2010年6月23日水曜日

読書術(14)

 轡田隆史氏の『1000冊読む!読書術』の14話目です。

 5章は、「1000冊読破」からの贈り物~もし、本がなかったら世の中はどうなる、です。

 2009年1月にアメリカ初の黒人大統領が誕生しました。当初は、暗殺されるのではないかなどと心配されましたが、今は、自然に馴染んでいるように思われます。

 ワシントンでの就任式で、宣誓のためオバマ大統領が手を置いた聖書は、かって奴隷解放のために闘い、南北戦争(1861~65年)に勝利して間もなく暗殺された第16代大統領リンカンが愛用したものでした。リンカン大統領を理想と仰ぐオバマ新大統領の、たっての希望によって国会図書館から借りだされたものでした。
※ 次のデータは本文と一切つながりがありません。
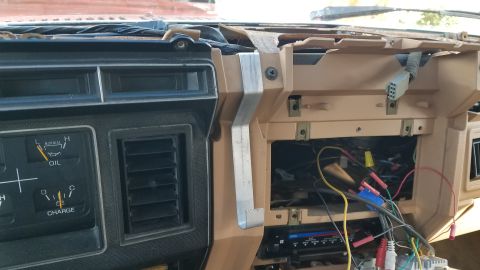 1985 Ford Bronco - The dashboard of a vehicle shows exposed wiring and an oil gauge, suggesting an older model.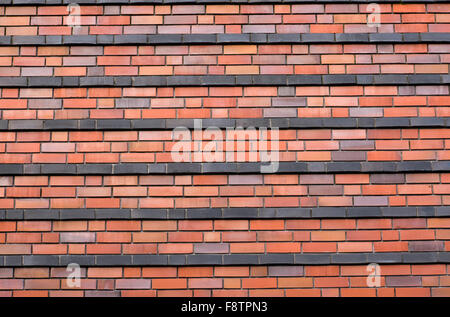 Red brickwall with black stripes Stock Photo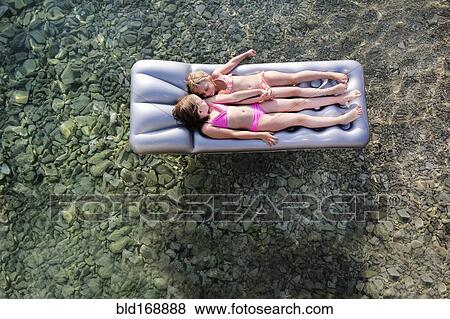Stock Photo - Caucasian girls floating on raft in lake. Fotosearch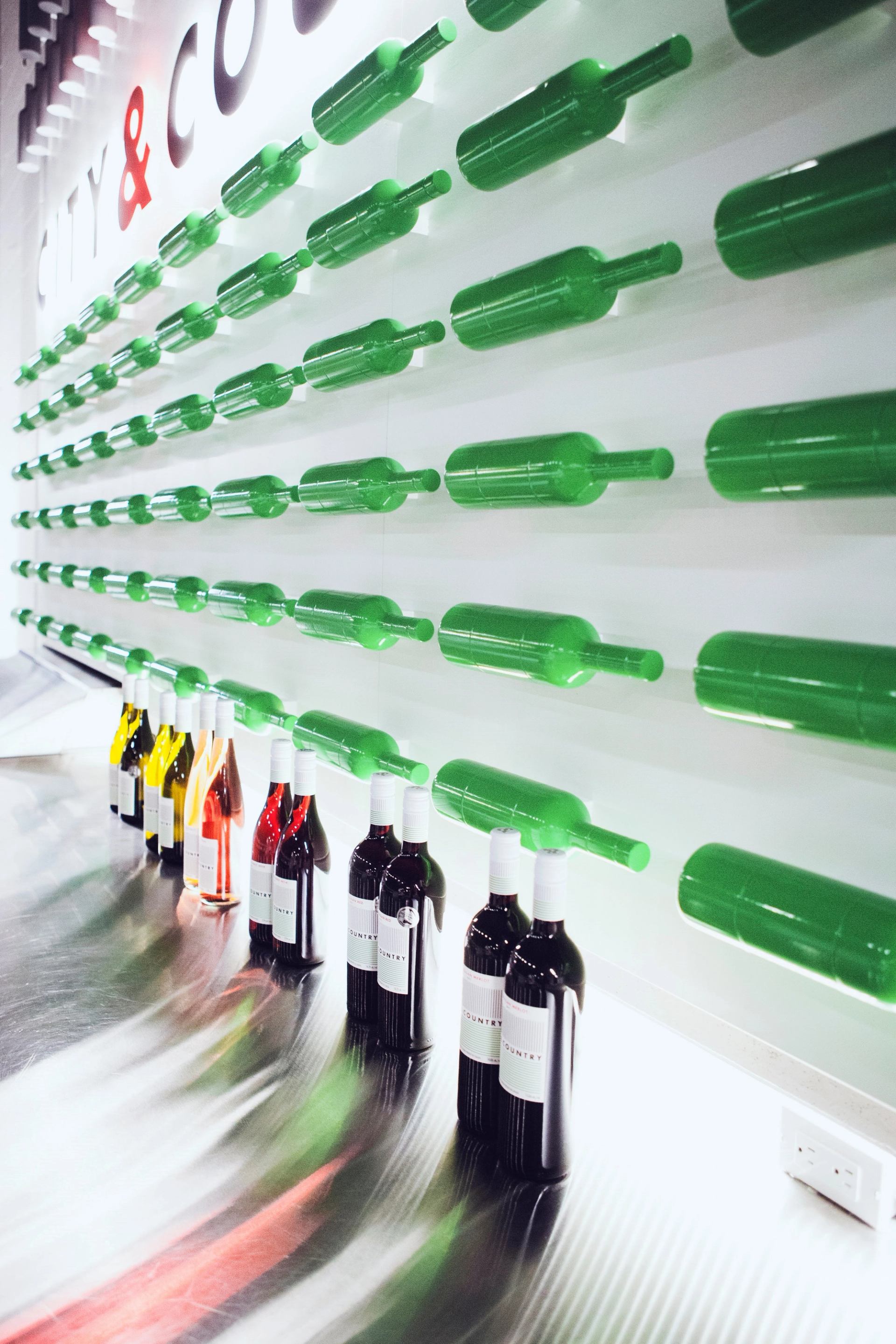 Wall display of wine bottles at City & Country Urban Winery.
 南北戦争は4年間もつづき、南北双方で、第2次世界大戦のときよりもはるかに多い計62万人の死者を出しました。アメリカを真っ二つに割ったこの恐るべき内戦によって、ともかくも奴隷は解放されました。

 轡田氏は、読書という視点から、この黒人奴隷の問題を考えたいと言っています。
 ワシントンが初代大統領に就任したのは、リンカンが第16代大統領になる71年前のことです。ワシントンの就任した翌年の1790年、初めての国勢調査がおこなわれました。アメリカの総人口はわずかに約393万人でした。このうち黒人が約76万人。そのうち約70万人が奴隷の身分でした(猿谷要『物語アメリカの歴史 超大国の行方』(中公新書)。70万人の奴隷を解放するために北と南で62万人が死んだということは、戦争の熾烈さとリンカンなどの志の高さを感じます。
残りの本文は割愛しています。